Information given:
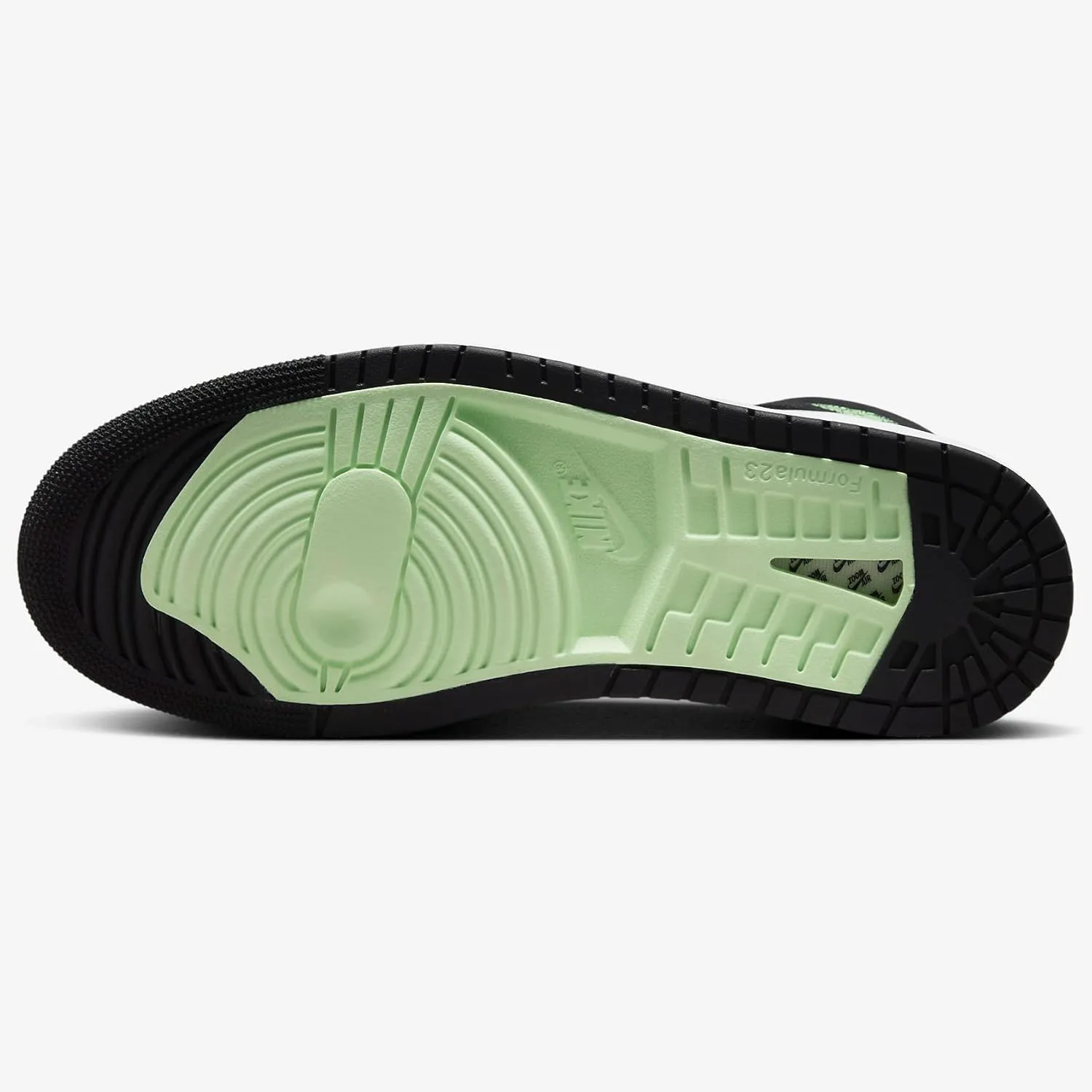 Мужские кроссовки Nike Air Jordan 1, белый
Мужские кроссовки Nike Air Jordan 1, белый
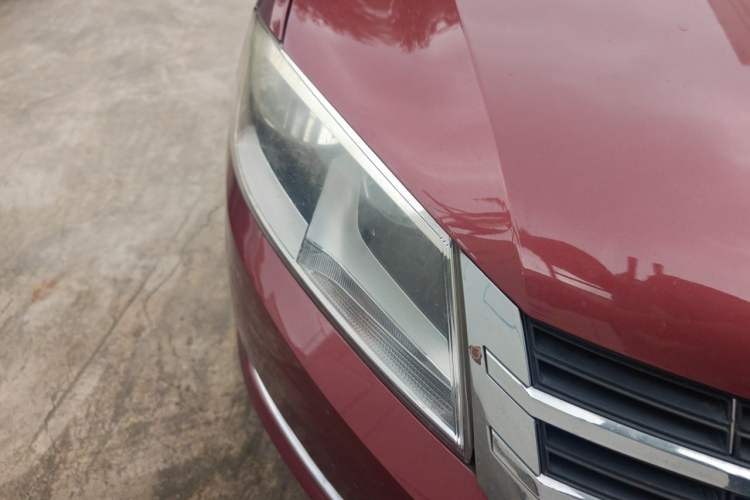 Used Volkswagen Gran Lavida 2013 1.6L Automatic Comfort Model Right Front Headlight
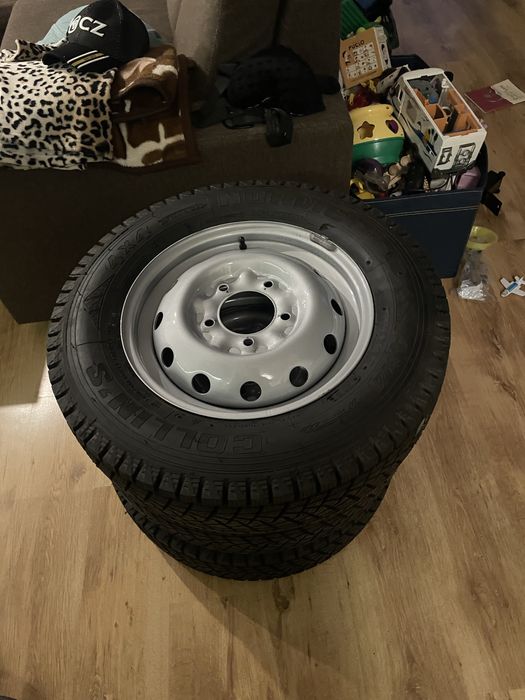 Fealgi Opony Lada Niva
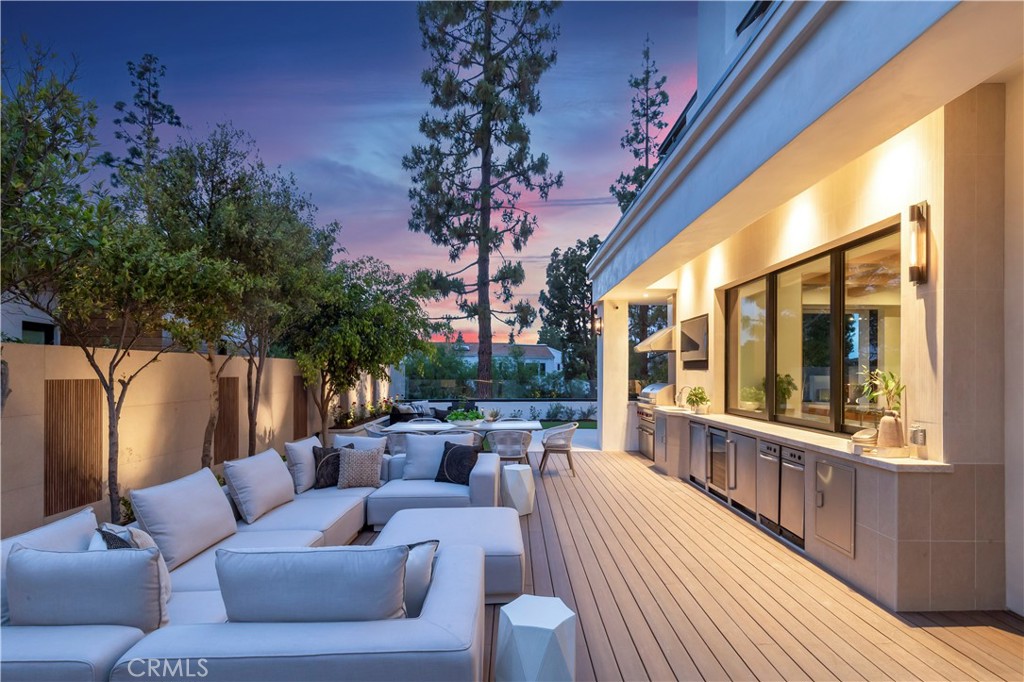 6 Pinehurst Ln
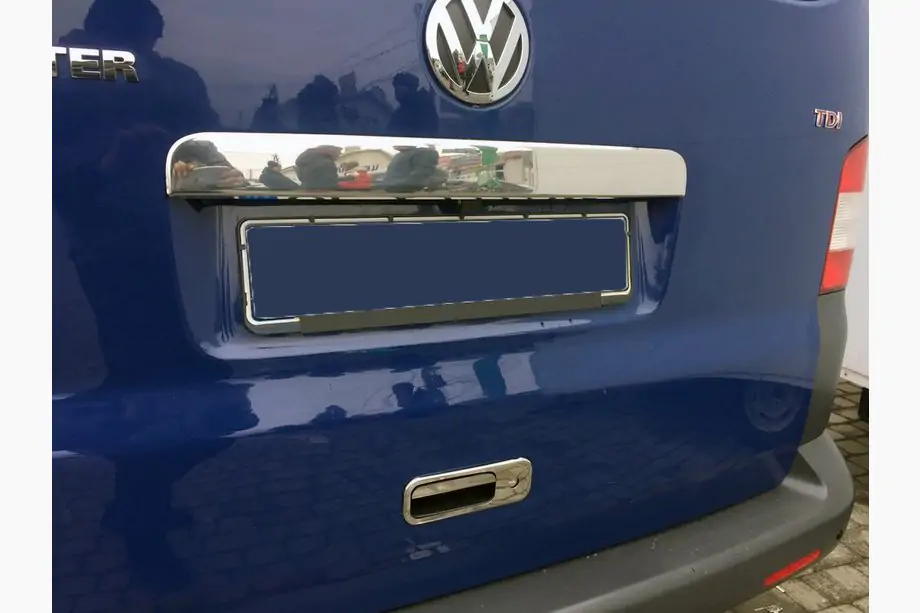 Volkswagen T5 2010-2015 Cache poignée de hayon au-dessus de la plaque d'immatriculation (inox) Image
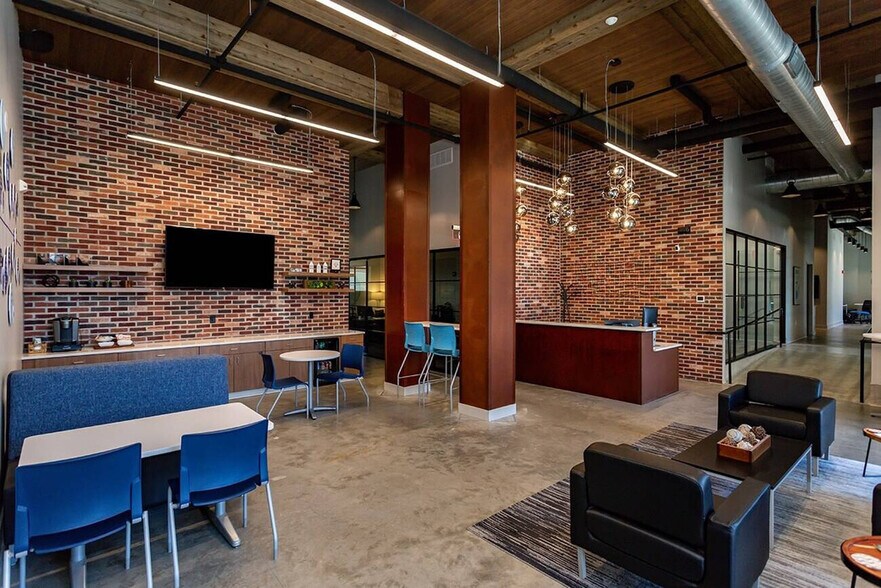 Primary Photo Of 1360 SW Park Square Dr, Ankeny General Retail For Lease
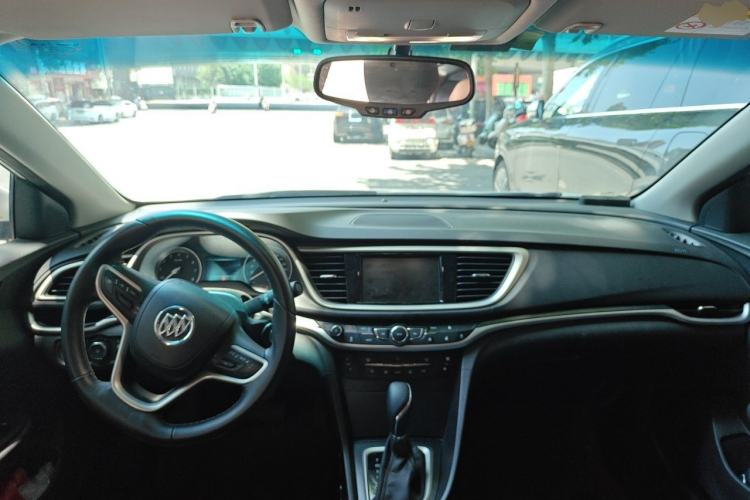 Used Buick Excelle GX 2019 18T Automatic Connected Elite Model China VI Standard Center Console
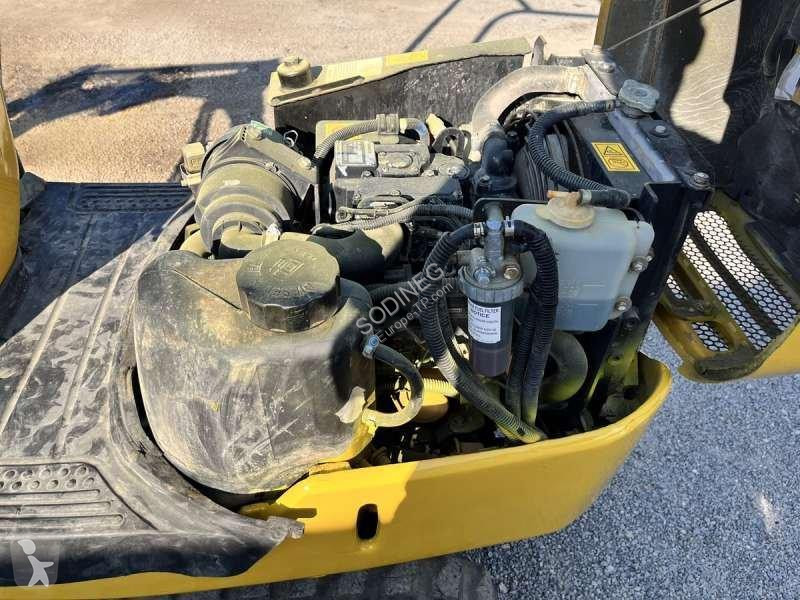 جرافة Komatsu  PC09-1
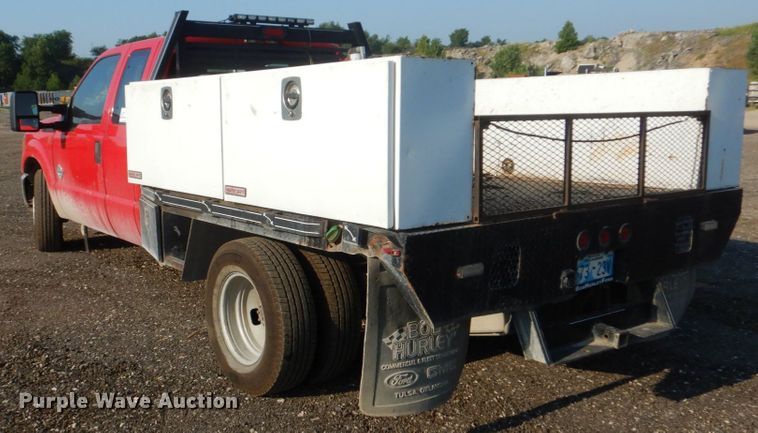 image for item DI2261 2011 Ford F350 Super Duty SuperCab flatbed pickup truck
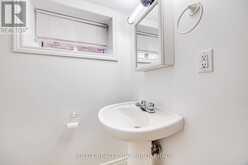 209 ROSSLYN AVENUE S | Hamilton Ontario | Slide Image Fifteen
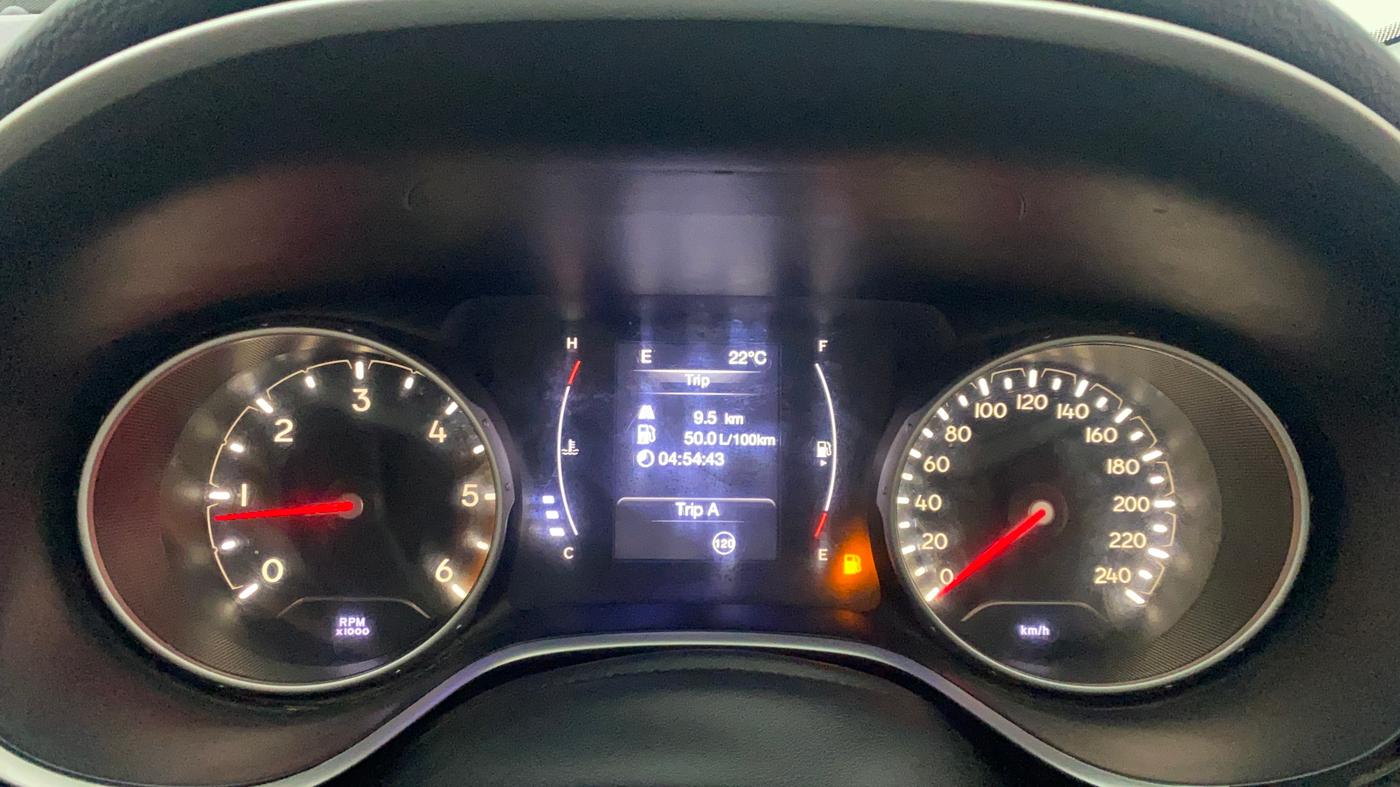 2018 Jeep Compass LONGITUDE (O) 2.0 DIESEL, Diesel, Manual, 1,45,890 km, Odometer Image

Task brief:
Copy only these lines from the records above, exactly: the one with "Used Buick Excelle", the one with "209 ROSSLYN AVENUE", and those between. Skip the pictures.

Output of the task:
 Used Buick Excelle GX 2019 18T Automatic Connected Elite Model China VI Standard Center Console
 جرافة Komatsu  PC09-1
 image for item DI2261 2011 Ford F350 Super Duty SuperCab flatbed pickup truck
 209 ROSSLYN AVENUE S | Hamilton Ontario | Slide Image Fifteen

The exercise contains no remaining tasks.